A few decades ago, Americans were joining an estimated 600 inventor organizations. "Now I think there's less than 40," said Jake Van der Meide, West Jordan, acting president of the Intermountain Society of Inventors and Designers when it folded in January 1997.
The society was one of oldest inventor/designer groups in the country. Its demise is typical of what has happened to the backyard inventor as a species. Most have given up on the idea of making great discoveries through tinkering in their garage workshops.Van der Meide, who still works hard on his inventions, says most would-be Edisons had "the realization that the dream isn't particularly true that if you build a better mousetrap the world will beat a path to your door. You also have to manufacture it, you have to supply it to the public, you have to market it."
There is still demand for that mousetrap, he adds - "if it's really that much better."
But the basic mousetrap and most of its practical variations were designed long ago. What's left uninvented may be too expensive or too complex to be worth patenting.
Even when a patent is issued, an inventor's travails are only starting.
"What has happened is that 40 percent of all patents issued to independent inventors are allowed to expire, become no longer enforceable, by the first payment of the maintenance fee." Maintenance fees are expenses paid to the government every three or four years. They are only about $300 or $400, he said.
But they're not paid for nearly half the inventions that are patented, so the patents lapse. "And this is after they (inventors and backers) have expended in the range of $10,500" to get that far.
It costs money to build the prototype, launch a patent search and actually obtain the patent.
"Most of it is attorney's fees," Van der Meide said. "Attorneys always make money off inventions."
Why abandon something in which a person has invested so much time and money? It's because the inventor has discovered something "that makes it so they can't sell the darn thing."
As he sees it, the expense isn't the worst problem. "The real problem is they probably don't have an idea that was worth patenting in the first place. And if they do, they possibly are unable to gather the resources . . . to develop it into a product."
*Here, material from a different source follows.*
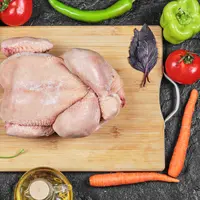 Ilustrasi daging ayam. (Foto: Freepik/azerbaijan_stockers)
If the inventor does have enough financial support from friends or credit cards - or, in rare cases, investors - he may be able to develop the product. But then he faces "the enormous expense to manufacture it."
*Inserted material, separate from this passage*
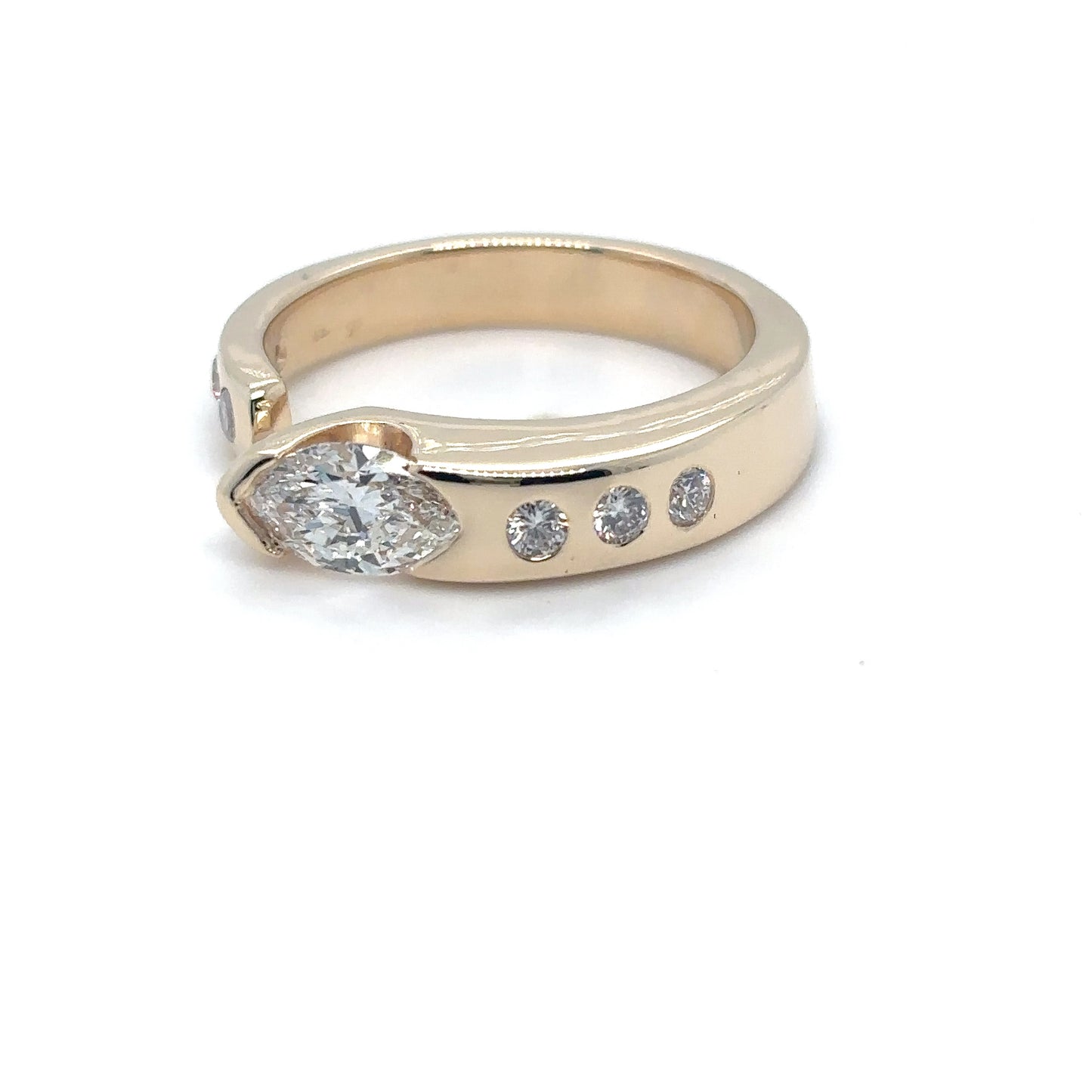 14KY 0.83CTW MARQUISE-ROUND BRILLIANT DIAMOND RING VS1/G-H 5.8G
Inventors are their own worst enemies, he said. Naturally, they believe in their brainchildren. That faith makes them easy marks.
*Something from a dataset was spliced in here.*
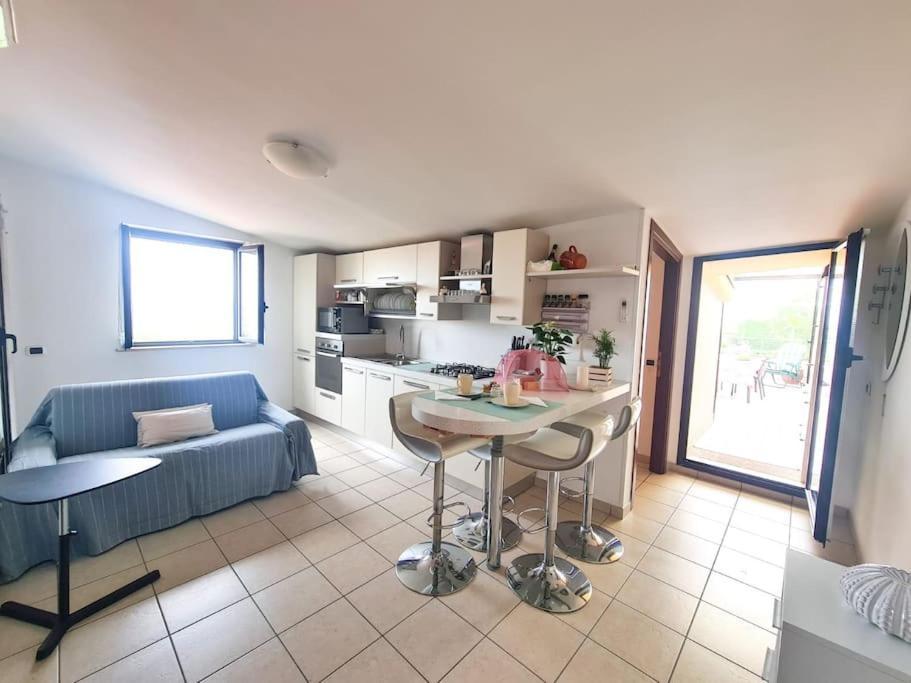 Lovely Flat With See View Roseto Degli Abruzzi Exterior photo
"They've been convinced by unscrupulous invention development firms that advertise on TV and late-night radio that industry is just waiting to hear of their new idea," he said.
"Everybody wants to sell your invention. Nobody wants to make it, because of the initial expenses and enormous risks that are involved."
An inventor may lose $6,000 to some firm promising to discover a market for his device. The company will go through the motions of filing for design patent or possibly even a utility patent. It may carry out "market surveys" by mailing form letters.
The company may go to a trade show with the invention - a set of plans or displays in a computer that sits on a table at the show.
Then nobody invests in the device, he said.
Of course, some products do much better. Yet, even if an invention is marketed and goes onto store shelves, that doesn't mean it will succeed. It may score some first orders, perhaps because it's a novelty.
"What's hard is to get the second orders.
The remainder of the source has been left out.